• Lauren Baptiste

No Boundaries? Here is How You Can Exert Your Boundaries With Others!

Updated: Jun 3, 2021

This week is the second part of our boundaries series. Last week we started with why boundaries are important we talked about making a list of your non-negotiables and a list of what irritates or gives you a feeling that does not sit well with you. If you have no boundaries, I urge you to go back and read/watch last week’s episode so you can start from the beginning. Today, we are going to talk about what happens when you have no boundaries.

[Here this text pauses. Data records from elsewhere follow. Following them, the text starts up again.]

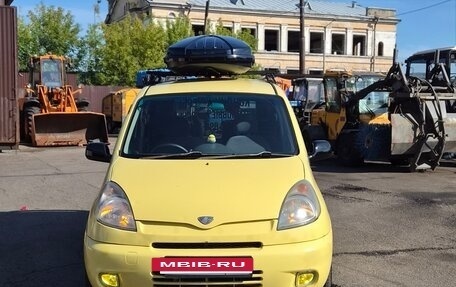 Toyota FunCargo, 2000 год, 350 000 рублей, 2 фотография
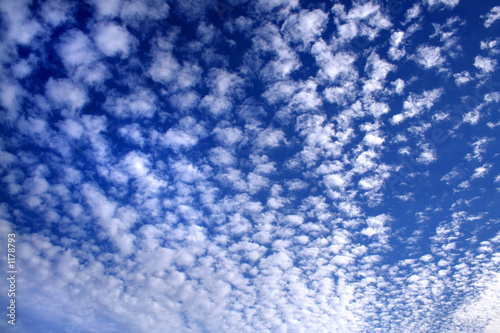 white clouds and a intens blue sky 01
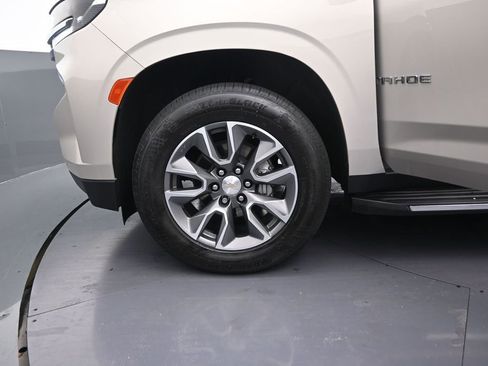 Used 2022 Chevrolet Tahoe LT w/ Luxury Package RWD image 12
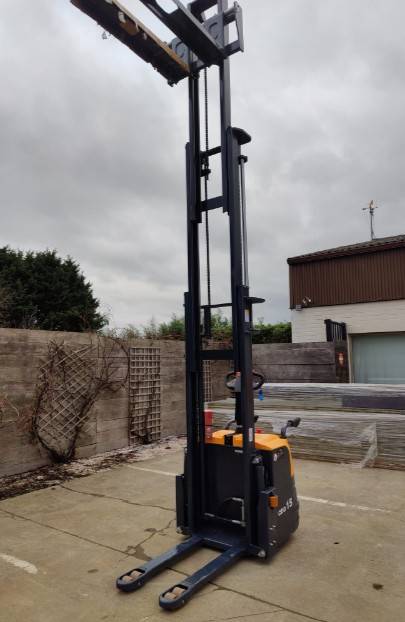 Stacker Nycheki EW15 Electric 2000kg 5.5m New Nycheki EW15 0 image 4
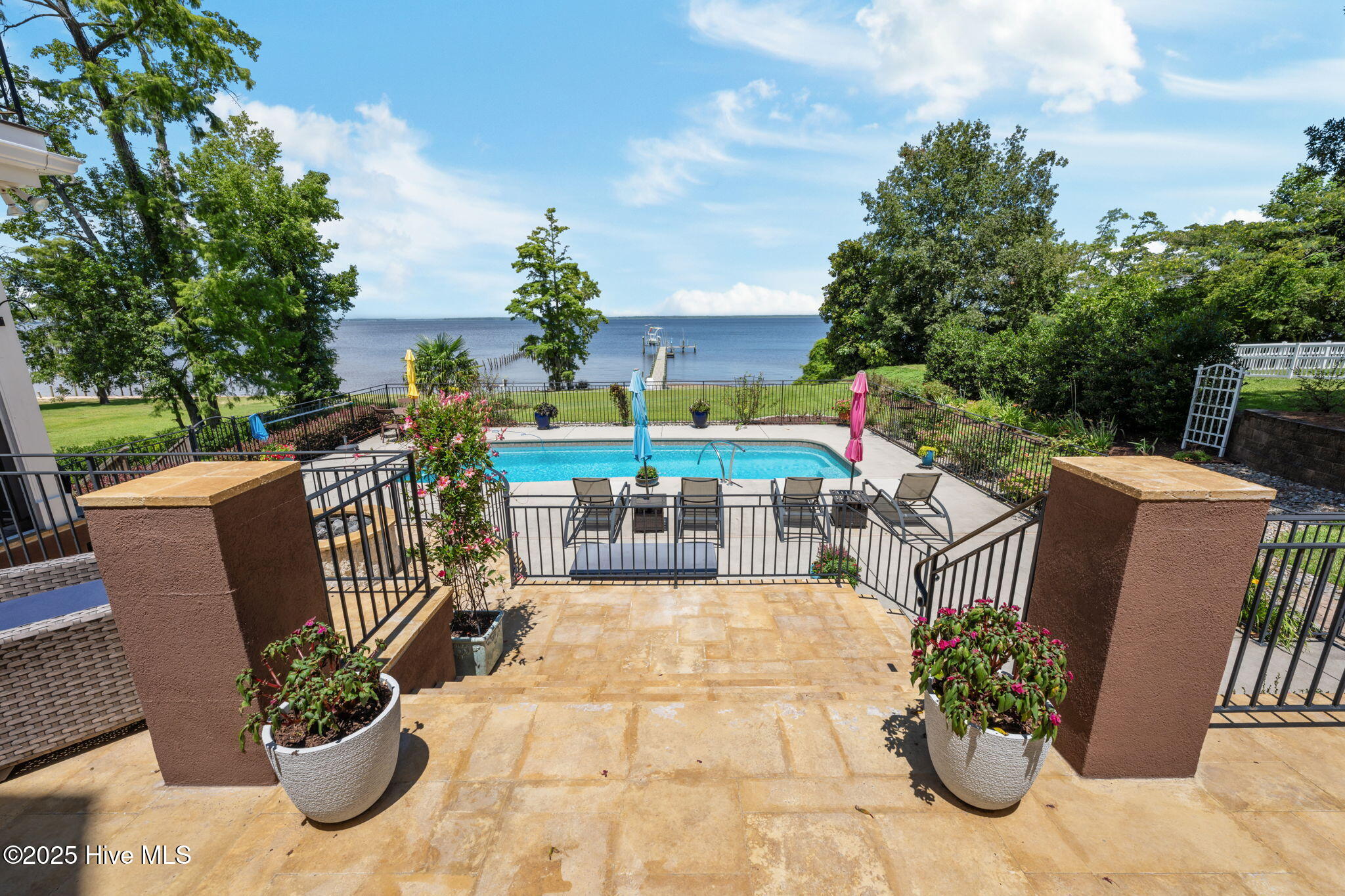 216 Drake Landing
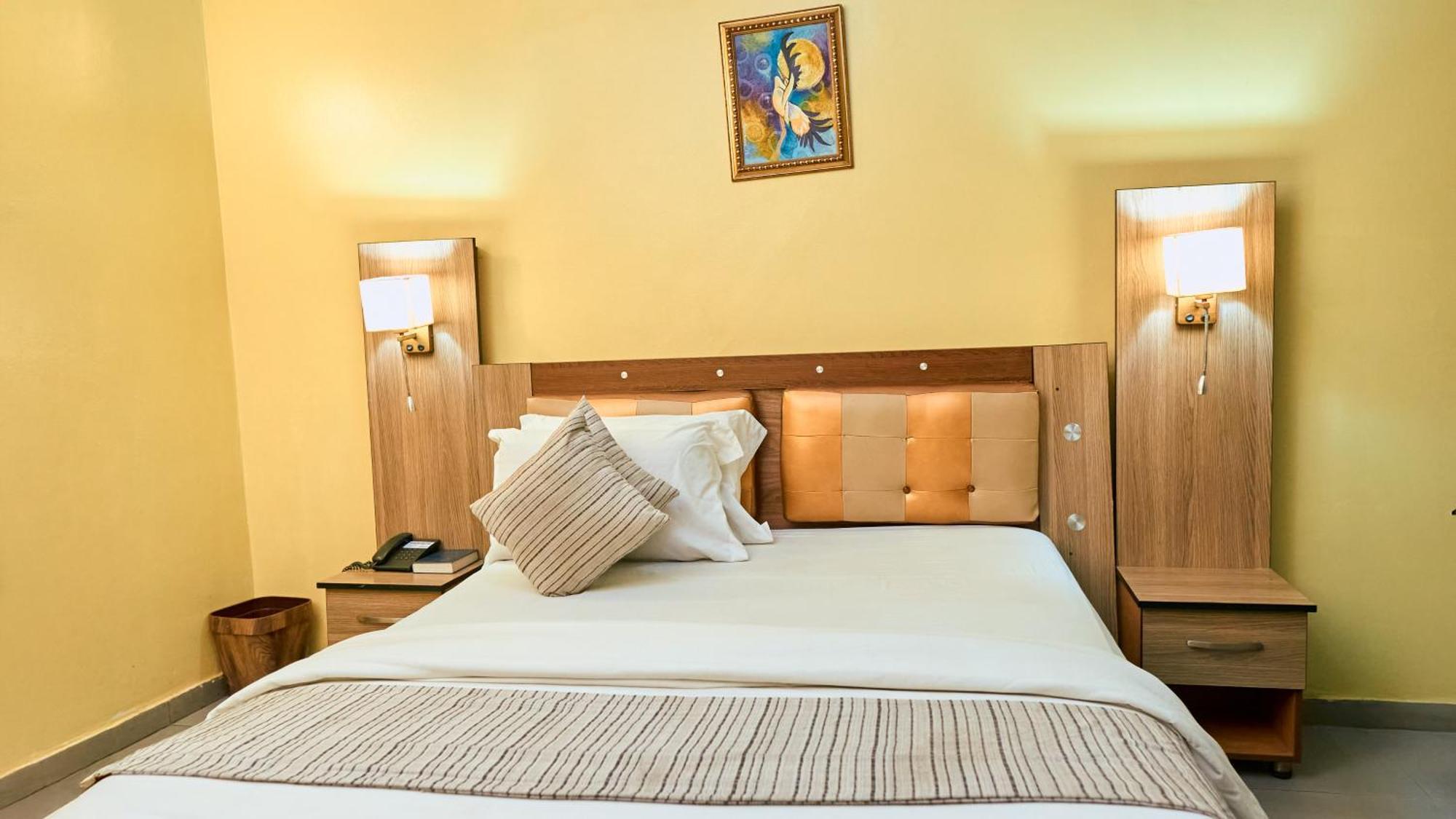 Crownedge Hotels Лагос Екстериор снимка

When your boundaries are crossed there are different paths you may take to address it. For example, when you are catcalled in such a way that is inappropriate, your boundaries have been crossed. You could ignore it or confront the person who is violating your boundaries. How does it affect you? Are you internalizing it or are you letting the world know? It is important to choose a method to address it in the best way that serves you. Violations do not always mean that something inappropriate happened to you but it could be something like being left out of a meeting that you were supposed to be apart of or not having a minute to yourself. No matter how your boundaries are violated it will affect you emotionally and mentally and if you continue to operate with no boundaries, stress is bound to set it.


The first step is recognizing when your boundaries have been crossed. Sometimes it is not so black and white depending on the circumstances. When boundaries are crossed by people you are close with you may have some blinders on and very well have no boundaries when it comes to them. That does not mean they have a free for all and you have not been affected it just means you have not set those boundaries. Boundaries can be physical too. Have you ever stood in line at the grocery store and you can practically feel the breath of the person behind you? They could be crossing your boundary by standing too close for comfort. There are ways to exert your boundaries in a healthy way and in this case, you can politely ask the person to not stand so close or possibly allow that person to go ahead of you. It can be something as big as ending a relationship with a person who does not serve you. Remember, there are healthy ways to address when boundaries are crossed.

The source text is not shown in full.